> **Exercise data**
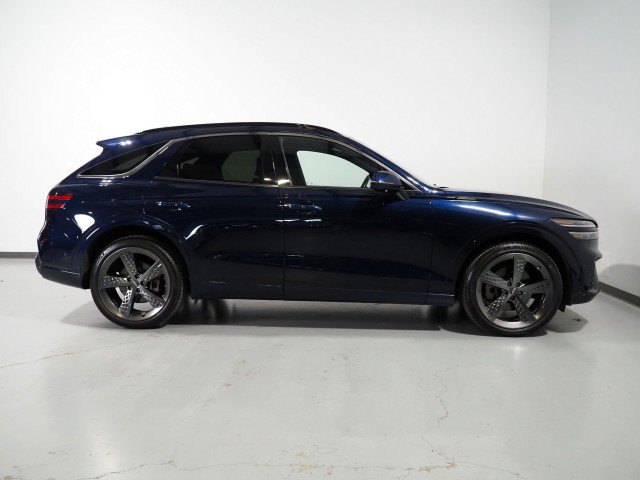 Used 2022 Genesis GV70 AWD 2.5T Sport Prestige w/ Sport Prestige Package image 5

==

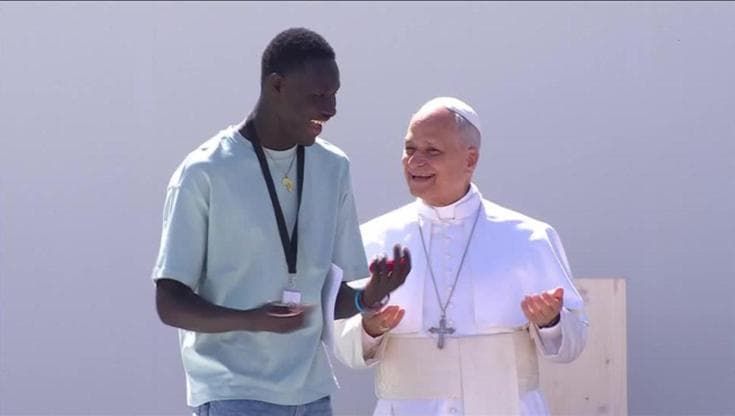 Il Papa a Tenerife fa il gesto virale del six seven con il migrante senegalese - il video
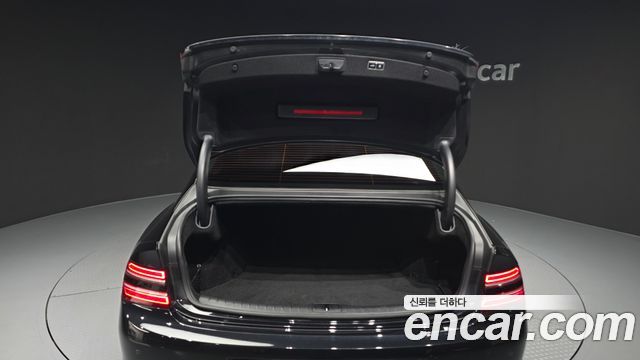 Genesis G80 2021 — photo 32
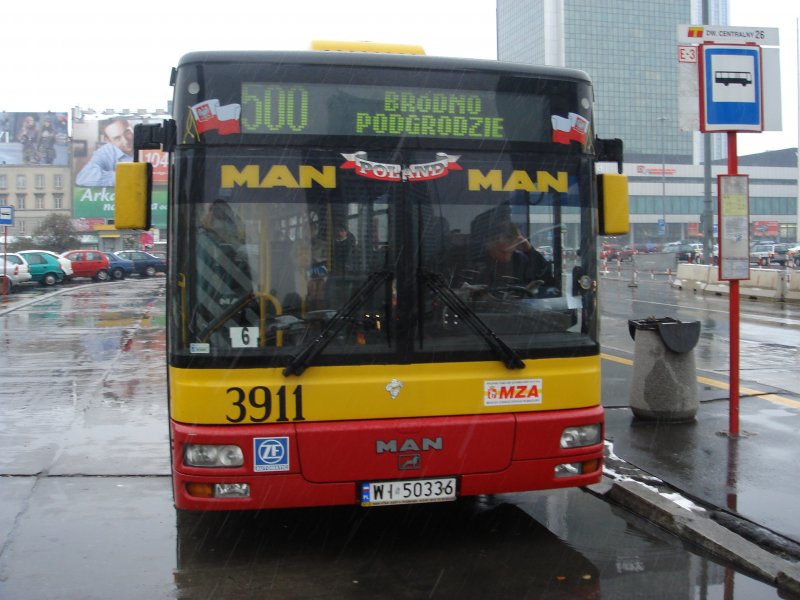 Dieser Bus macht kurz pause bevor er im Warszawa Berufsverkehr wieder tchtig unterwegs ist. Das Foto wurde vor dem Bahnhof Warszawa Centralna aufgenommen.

* * *

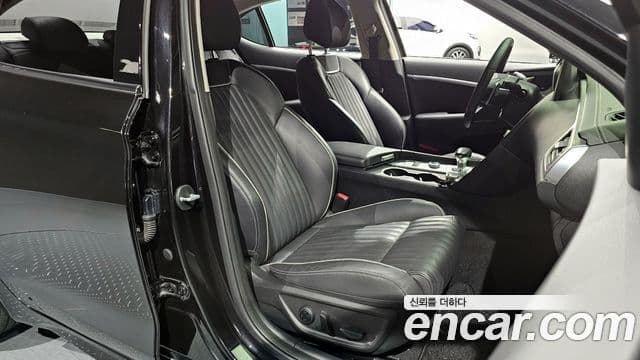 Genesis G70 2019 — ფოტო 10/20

> **What is expected**
Give back exactly the lines above from the one with "Genesis G80 2021 — photo 32" through the one with "Dieser Bus macht", both included. Pictures don't belong in the copy.

> **Answer space**
 Genesis G80 2021 — photo 32
 Dieser Bus macht kurz pause bevor er im Warszawa Berufsverkehr wieder tchtig unterwegs ist. Das Foto wurde vor dem Bahnhof Warszawa Centralna aufgenommen.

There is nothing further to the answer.